* **TASK GOAL**
In your transcription, keep every record exact and leave out the pictures.
_ _ _ _
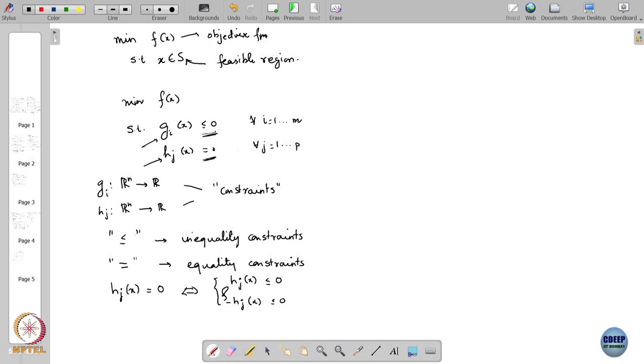However, we generally do not tend to do that, and there is a good reason for this. The main reason is that the geometry of an inequality constraint is very different from that of an equality constraint. That is the thing I want to sensitize you to.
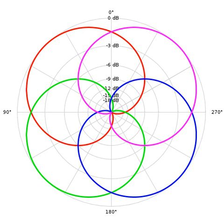W equals S times 1 over square root of 2. X equals S cos theta cos phi. Y equals S sin theta cos phi. Z equals S sin phi.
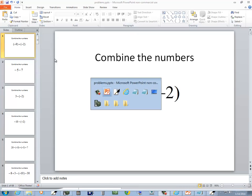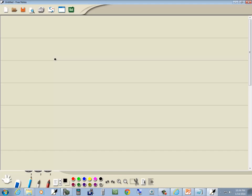Let's take a look at this problem. We got negative 9 plus negative 2.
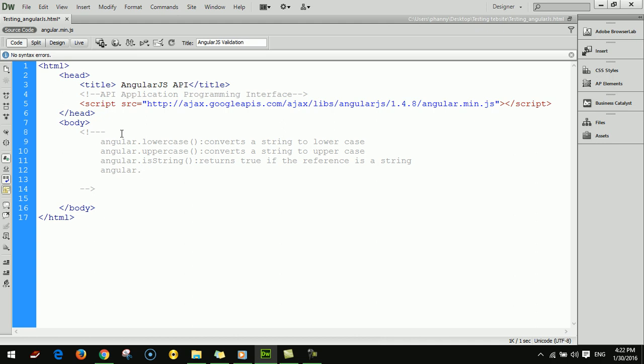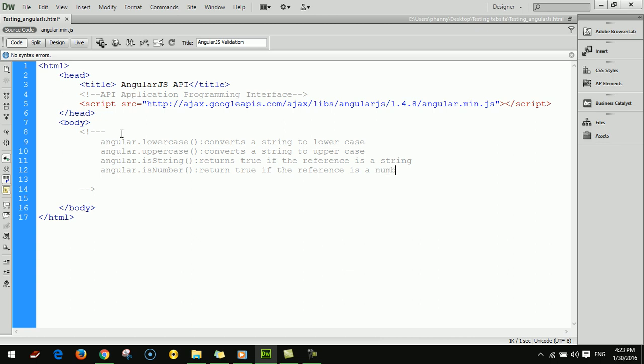Angular dot isNumber returns true if the reference is a number.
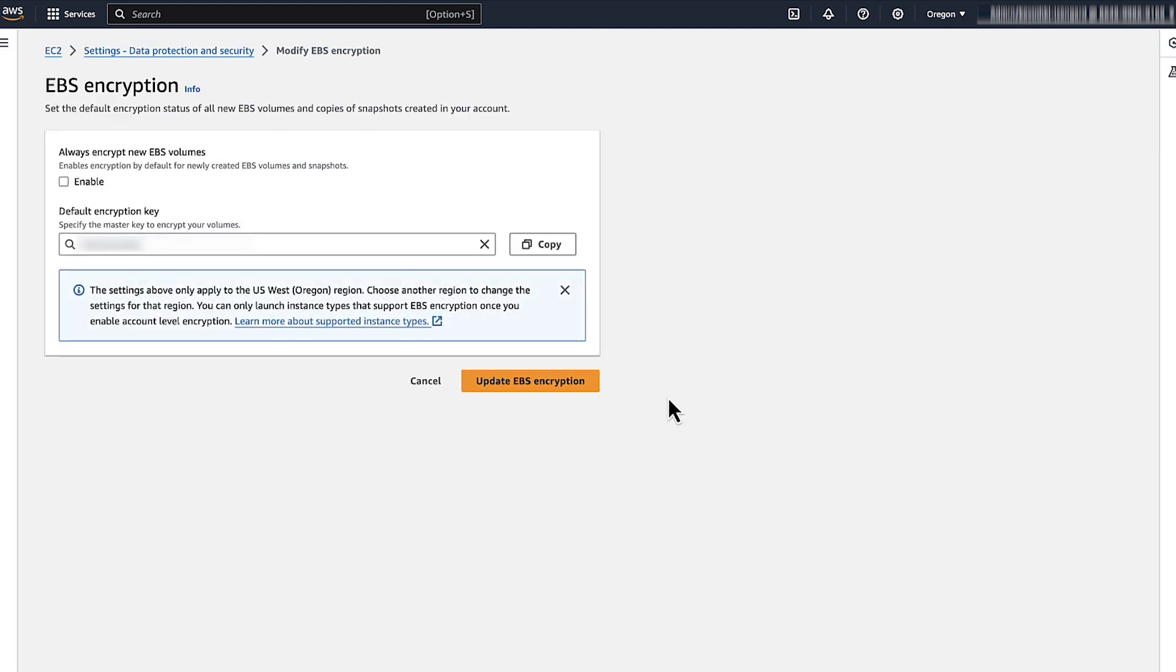On the modify EBS encryption page under always encrypt new EBS volume, choose enable.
_ _ _ _
* **ANSWER SECTION**
However, we generally do not tend to do that, and there is a good reason for this. The main reason is that the geometry of an inequality constraint is very different from that of an equality constraint. That is the thing I want to sensitize you to.
W equals S times 1 over square root of 2. X equals S cos theta cos phi. Y equals S sin theta cos phi. Z equals S sin phi.
Let's take a look at this problem. We got negative 9 plus negative 2.
Angular dot isNumber returns true if the reference is a number.
On the modify EBS encryption page under always encrypt new EBS volume, choose enable.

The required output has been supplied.